A report issued in 2008 by the U.S. Army War College discussed the use of American troops to quell civil unrest brought about by a worsening economic crisis. The report from the War College’s Strategic Studies Institute warned that the U.S. military must prepare for a “violent, strategic dislocation inside the United States” that could be provoked by “unforeseen economic collapse” or “loss of functioning political and legal order.”

For more than a decade the Pentagon has endeavored to acclimate Americans to the presence of troops on the streets. Instances of the Pentagon putting troops on the streets are numerous and have increased in frequency over the last few years.
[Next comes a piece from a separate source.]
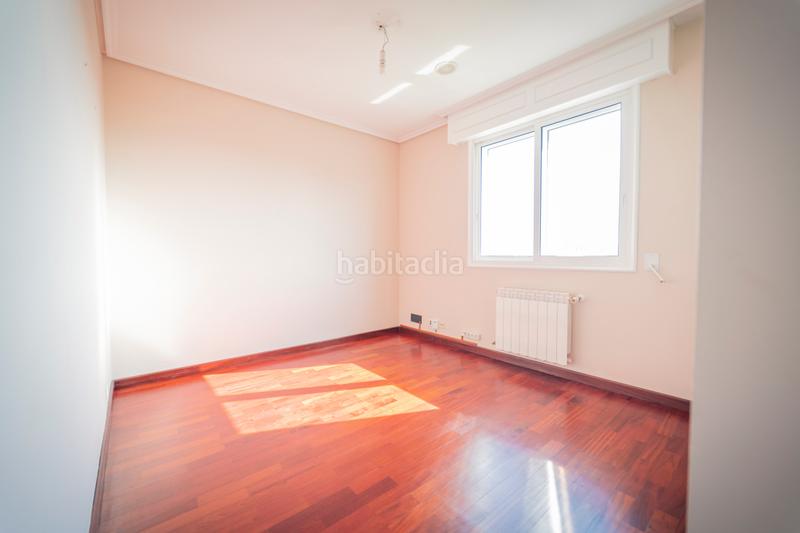 Foto 8c96f2f3-cb36-4710-b448-403b491cc620. Appartement avec chauffage parking dans Zona Ultramar Ferrol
In March of 2009, Infowars reported on U.S. Army soldiers dispatched in Samson, Alabama, supposedly in response to a rampaging gunman.

In December, 2008, the Marine Corps Air and Ground Combat Center and the local California Highway Patrol worked together “in a joint effort to reduce accidents and drinking and driving” in San Bernardino County, a blatant violation of Posse Comitatus.

The Iowa National Guard planned an exercise in the small town of Arcadia but rolled back the invasion after citizens complained about soldiers patrolling the streets of an American town.

Military police were positioned at the 2009 Kentucky Derby and in April of the same year 400 National Guard Combat Support Battalion troops were dispatched to “maintain public order” at the Boston Marathon.

In April of 2009, an Infowars reader sent a page taken from the Hardeman County, Tennessee, Bulletin Times announcing a seat belt checkpoint to be conducted on April 4 “in conjunction with a Homeland Security training exercise by the 251st Military Police in Bolivar who recently returned from Iraq.”

On April 15, 2009, we reported on how the Maryland National Guard was put on alert in anticipation of Tax Day nationwide Tea Party protests. A Force Protection Advisory issued on April 11 instructed the National Guard to be on alert during the Tea Party protests because Guardsmen and Guard facilities might become “targets of opportunity.” It was later learned that the Department of Homeland Security had put the protesters under surveillance.

Joint military, Department of Homeland Security, and local police and emergency exercises are an integral part of this ongoing effort to acclimate the American people to the prospect of troops and heavily armed cops on the streets.